WHAT THE EXERCISE ASKS | Search the entries for the word "Plus" and pull out each line that has it.

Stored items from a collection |
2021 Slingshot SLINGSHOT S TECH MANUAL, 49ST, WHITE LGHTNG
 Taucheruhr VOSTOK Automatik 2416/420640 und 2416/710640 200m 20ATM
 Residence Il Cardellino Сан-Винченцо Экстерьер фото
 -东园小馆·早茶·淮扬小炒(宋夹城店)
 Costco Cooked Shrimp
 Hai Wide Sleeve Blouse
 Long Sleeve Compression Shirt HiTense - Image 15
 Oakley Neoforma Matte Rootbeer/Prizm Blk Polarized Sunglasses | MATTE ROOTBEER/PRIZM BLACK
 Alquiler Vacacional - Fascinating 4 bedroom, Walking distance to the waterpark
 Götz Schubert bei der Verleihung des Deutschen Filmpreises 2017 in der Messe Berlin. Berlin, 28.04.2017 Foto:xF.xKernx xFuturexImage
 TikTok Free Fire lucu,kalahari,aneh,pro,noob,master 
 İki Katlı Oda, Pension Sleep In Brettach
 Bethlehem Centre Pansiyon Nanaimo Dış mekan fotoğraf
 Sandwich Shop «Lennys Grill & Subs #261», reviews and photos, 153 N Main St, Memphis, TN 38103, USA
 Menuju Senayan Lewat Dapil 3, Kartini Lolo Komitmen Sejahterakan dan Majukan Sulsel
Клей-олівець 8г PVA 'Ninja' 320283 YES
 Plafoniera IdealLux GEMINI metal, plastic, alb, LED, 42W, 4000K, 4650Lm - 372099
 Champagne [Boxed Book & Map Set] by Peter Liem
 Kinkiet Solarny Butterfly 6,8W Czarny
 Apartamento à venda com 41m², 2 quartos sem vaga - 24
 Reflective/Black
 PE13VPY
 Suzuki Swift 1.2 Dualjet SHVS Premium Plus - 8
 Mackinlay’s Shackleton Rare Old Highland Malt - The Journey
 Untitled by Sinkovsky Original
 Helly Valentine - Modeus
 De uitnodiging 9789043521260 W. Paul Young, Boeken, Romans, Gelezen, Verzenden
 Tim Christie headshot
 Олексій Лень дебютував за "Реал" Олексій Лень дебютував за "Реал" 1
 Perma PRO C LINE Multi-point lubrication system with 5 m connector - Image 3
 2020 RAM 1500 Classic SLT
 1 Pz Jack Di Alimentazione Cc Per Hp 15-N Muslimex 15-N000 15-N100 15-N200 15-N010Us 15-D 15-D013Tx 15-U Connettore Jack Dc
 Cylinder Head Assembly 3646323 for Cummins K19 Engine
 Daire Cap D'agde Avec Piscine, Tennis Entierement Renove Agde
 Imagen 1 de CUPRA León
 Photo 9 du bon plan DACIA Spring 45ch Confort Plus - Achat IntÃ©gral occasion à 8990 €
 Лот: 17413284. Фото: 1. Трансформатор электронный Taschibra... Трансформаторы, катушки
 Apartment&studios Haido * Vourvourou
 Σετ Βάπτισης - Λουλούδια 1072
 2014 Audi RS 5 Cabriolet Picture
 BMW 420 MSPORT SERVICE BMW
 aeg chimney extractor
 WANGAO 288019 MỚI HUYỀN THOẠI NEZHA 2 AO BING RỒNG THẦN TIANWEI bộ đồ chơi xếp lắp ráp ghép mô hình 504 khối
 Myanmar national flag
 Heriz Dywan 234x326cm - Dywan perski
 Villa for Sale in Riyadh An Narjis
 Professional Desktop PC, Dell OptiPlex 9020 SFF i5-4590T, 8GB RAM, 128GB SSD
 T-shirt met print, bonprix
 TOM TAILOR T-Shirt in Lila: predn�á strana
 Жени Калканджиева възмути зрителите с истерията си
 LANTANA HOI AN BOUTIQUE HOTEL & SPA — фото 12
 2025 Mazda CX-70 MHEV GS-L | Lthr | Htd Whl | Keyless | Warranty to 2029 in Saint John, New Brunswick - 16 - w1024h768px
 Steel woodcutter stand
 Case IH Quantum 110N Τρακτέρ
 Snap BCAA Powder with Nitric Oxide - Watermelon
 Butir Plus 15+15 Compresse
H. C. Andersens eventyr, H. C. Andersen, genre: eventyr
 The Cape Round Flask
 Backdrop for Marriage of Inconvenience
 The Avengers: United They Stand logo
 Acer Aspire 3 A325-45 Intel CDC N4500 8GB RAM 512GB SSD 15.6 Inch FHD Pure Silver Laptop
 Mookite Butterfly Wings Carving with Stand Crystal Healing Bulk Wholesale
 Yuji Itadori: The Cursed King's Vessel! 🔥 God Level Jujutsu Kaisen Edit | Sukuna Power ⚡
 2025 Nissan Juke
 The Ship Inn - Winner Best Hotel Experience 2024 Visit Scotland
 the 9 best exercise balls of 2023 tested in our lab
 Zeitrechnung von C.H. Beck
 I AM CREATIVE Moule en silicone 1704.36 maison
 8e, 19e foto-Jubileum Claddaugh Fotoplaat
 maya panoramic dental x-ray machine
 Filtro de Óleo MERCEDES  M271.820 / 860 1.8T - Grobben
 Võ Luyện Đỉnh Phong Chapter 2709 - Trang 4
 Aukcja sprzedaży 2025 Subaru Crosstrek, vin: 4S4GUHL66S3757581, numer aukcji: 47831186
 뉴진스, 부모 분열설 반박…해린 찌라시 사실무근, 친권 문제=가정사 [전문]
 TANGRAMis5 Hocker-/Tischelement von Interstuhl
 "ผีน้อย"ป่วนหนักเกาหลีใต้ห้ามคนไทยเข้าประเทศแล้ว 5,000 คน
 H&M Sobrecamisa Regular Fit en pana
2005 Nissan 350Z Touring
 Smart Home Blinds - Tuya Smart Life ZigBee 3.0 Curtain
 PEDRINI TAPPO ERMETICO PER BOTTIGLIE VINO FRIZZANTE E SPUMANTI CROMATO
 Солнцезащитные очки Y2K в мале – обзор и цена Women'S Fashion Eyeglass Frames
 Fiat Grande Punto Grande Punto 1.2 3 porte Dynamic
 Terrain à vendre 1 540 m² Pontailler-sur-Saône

ANSWER SECTION |
 Suzuki Swift 1.2 Dualjet SHVS Premium Plus - 8
 Photo 9 du bon plan DACIA Spring 45ch Confort Plus - Achat IntÃ©gral occasion à 8990 €
 Butir Plus 15+15 Compresse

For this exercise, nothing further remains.